Reproduce word for word, from the entries below, the line with "A street lamp control system", the line with "days / 5 minutes.", and every line between them, and nothing more.

> **Stored dataset items**:

=====

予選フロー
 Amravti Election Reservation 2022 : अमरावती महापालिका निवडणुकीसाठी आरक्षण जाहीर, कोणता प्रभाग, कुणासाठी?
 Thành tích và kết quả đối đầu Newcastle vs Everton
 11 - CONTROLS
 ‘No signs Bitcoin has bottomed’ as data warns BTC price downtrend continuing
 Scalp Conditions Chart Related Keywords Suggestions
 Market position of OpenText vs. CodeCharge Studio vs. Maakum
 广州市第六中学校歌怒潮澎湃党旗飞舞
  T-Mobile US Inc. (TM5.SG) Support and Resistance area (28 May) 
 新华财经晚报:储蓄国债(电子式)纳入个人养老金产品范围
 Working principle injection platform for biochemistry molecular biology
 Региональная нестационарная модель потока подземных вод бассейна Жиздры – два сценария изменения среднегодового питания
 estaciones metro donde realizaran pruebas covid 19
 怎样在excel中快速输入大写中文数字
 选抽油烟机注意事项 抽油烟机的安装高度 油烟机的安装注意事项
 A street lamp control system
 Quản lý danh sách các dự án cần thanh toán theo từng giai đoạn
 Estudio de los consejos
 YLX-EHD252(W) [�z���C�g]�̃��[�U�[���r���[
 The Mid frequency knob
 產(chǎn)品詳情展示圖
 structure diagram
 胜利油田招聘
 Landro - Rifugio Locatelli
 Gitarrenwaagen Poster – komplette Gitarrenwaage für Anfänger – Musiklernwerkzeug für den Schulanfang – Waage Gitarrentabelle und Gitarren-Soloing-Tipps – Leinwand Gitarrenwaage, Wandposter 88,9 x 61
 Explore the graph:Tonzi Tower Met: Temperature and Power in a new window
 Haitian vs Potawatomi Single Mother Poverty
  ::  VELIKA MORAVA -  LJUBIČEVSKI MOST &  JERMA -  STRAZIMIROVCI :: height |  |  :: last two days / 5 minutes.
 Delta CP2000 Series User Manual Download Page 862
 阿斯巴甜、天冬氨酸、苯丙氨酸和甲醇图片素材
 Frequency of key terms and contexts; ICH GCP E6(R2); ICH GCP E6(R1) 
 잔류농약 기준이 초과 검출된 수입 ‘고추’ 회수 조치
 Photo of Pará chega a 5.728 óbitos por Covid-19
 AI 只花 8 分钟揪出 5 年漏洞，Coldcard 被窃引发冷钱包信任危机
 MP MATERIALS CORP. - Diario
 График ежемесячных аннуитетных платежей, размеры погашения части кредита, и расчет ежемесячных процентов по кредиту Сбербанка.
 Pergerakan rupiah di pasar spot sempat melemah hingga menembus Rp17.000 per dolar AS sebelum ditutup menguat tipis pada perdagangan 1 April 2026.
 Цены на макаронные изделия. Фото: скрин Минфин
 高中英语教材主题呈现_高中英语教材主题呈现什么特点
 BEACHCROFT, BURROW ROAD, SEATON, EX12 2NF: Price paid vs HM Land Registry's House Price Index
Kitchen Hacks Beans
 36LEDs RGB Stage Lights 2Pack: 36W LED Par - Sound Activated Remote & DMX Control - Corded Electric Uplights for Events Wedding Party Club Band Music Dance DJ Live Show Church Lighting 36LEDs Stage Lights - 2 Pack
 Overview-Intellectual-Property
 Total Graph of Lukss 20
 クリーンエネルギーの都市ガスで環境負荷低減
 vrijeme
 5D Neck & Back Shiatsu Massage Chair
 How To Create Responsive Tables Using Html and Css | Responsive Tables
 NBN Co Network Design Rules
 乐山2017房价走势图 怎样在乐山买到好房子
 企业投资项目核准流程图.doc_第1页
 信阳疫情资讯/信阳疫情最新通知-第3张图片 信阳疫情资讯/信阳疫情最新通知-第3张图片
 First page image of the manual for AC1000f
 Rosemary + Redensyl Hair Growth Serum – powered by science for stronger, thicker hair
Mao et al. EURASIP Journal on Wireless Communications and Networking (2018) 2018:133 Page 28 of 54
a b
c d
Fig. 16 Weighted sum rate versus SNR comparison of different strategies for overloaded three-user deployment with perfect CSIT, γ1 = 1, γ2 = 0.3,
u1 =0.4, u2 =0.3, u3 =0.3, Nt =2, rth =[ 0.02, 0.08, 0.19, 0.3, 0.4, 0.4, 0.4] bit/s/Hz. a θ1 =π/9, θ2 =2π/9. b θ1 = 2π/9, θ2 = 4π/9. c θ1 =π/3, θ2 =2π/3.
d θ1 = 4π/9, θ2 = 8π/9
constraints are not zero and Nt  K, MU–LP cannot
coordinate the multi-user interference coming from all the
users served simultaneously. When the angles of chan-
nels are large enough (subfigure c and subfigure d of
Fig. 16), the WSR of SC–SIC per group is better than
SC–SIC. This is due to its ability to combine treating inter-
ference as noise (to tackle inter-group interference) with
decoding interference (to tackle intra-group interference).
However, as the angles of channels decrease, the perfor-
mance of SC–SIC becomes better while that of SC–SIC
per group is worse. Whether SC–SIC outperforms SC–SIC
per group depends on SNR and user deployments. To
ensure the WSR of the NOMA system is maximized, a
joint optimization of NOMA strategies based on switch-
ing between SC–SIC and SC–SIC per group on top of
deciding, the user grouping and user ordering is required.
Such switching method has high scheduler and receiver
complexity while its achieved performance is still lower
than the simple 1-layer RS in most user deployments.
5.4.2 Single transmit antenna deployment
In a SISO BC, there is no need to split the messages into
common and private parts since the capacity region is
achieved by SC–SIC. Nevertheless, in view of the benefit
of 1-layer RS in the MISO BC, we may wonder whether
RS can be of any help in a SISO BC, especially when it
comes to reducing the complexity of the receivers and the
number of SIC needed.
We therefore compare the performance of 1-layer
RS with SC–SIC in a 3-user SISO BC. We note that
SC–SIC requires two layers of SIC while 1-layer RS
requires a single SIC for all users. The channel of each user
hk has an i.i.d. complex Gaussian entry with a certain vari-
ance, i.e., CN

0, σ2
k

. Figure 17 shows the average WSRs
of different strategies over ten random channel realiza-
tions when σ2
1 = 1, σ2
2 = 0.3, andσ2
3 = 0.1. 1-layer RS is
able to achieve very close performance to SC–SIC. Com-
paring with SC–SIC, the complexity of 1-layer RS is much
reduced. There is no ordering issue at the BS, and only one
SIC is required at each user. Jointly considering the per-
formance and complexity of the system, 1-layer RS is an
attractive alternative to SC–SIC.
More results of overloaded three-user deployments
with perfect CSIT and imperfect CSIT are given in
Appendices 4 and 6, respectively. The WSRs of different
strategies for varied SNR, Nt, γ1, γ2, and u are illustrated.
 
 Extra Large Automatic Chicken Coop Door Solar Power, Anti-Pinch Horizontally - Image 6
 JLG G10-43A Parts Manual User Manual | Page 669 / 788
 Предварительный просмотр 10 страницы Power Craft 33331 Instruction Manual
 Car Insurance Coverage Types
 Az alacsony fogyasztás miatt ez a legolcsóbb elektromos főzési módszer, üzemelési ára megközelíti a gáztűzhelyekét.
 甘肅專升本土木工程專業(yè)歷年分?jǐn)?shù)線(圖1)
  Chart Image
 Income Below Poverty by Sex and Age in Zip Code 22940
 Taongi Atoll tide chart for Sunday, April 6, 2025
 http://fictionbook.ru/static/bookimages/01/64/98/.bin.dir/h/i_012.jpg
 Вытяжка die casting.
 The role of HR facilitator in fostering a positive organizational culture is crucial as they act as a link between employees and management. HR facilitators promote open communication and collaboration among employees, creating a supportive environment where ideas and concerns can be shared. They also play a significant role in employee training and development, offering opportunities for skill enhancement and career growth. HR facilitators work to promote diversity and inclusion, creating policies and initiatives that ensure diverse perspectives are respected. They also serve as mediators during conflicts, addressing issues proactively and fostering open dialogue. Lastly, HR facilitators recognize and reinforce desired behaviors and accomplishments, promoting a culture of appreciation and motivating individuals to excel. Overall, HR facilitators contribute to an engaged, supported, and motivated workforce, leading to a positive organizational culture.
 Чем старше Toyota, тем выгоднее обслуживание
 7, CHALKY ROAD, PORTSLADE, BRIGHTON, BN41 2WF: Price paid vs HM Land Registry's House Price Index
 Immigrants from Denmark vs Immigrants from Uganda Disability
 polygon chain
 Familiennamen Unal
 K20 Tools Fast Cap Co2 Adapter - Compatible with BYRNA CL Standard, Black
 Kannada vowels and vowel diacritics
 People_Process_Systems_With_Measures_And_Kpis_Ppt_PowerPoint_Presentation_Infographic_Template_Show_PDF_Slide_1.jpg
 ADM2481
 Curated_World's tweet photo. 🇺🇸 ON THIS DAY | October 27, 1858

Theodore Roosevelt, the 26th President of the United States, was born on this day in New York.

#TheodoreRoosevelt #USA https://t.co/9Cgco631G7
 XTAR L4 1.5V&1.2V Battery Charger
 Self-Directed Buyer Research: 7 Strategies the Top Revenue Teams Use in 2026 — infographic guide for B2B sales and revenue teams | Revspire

=====

> **RESULT OF THIS EXERCISE**:
 A street lamp control system
 Quản lý danh sách các dự án cần thanh toán theo từng giai đoạn
 Estudio de los consejos
 YLX-EHD252(W) [�z���C�g]�̃��[�U�[���r���[
 The Mid frequency knob
 產(chǎn)品詳情展示圖
 structure diagram
 胜利油田招聘
 Landro - Rifugio Locatelli
 Gitarrenwaagen Poster – komplette Gitarrenwaage für Anfänger – Musiklernwerkzeug für den Schulanfang – Waage Gitarrentabelle und Gitarren-Soloing-Tipps – Leinwand Gitarrenwaage, Wandposter 88,9 x 61
 Explore the graph:Tonzi Tower Met: Temperature and Power in a new window
 Haitian vs Potawatomi Single Mother Poverty
  ::  VELIKA MORAVA -  LJUBIČEVSKI MOST &  JERMA -  STRAZIMIROVCI :: height |  |  :: last two days / 5 minutes.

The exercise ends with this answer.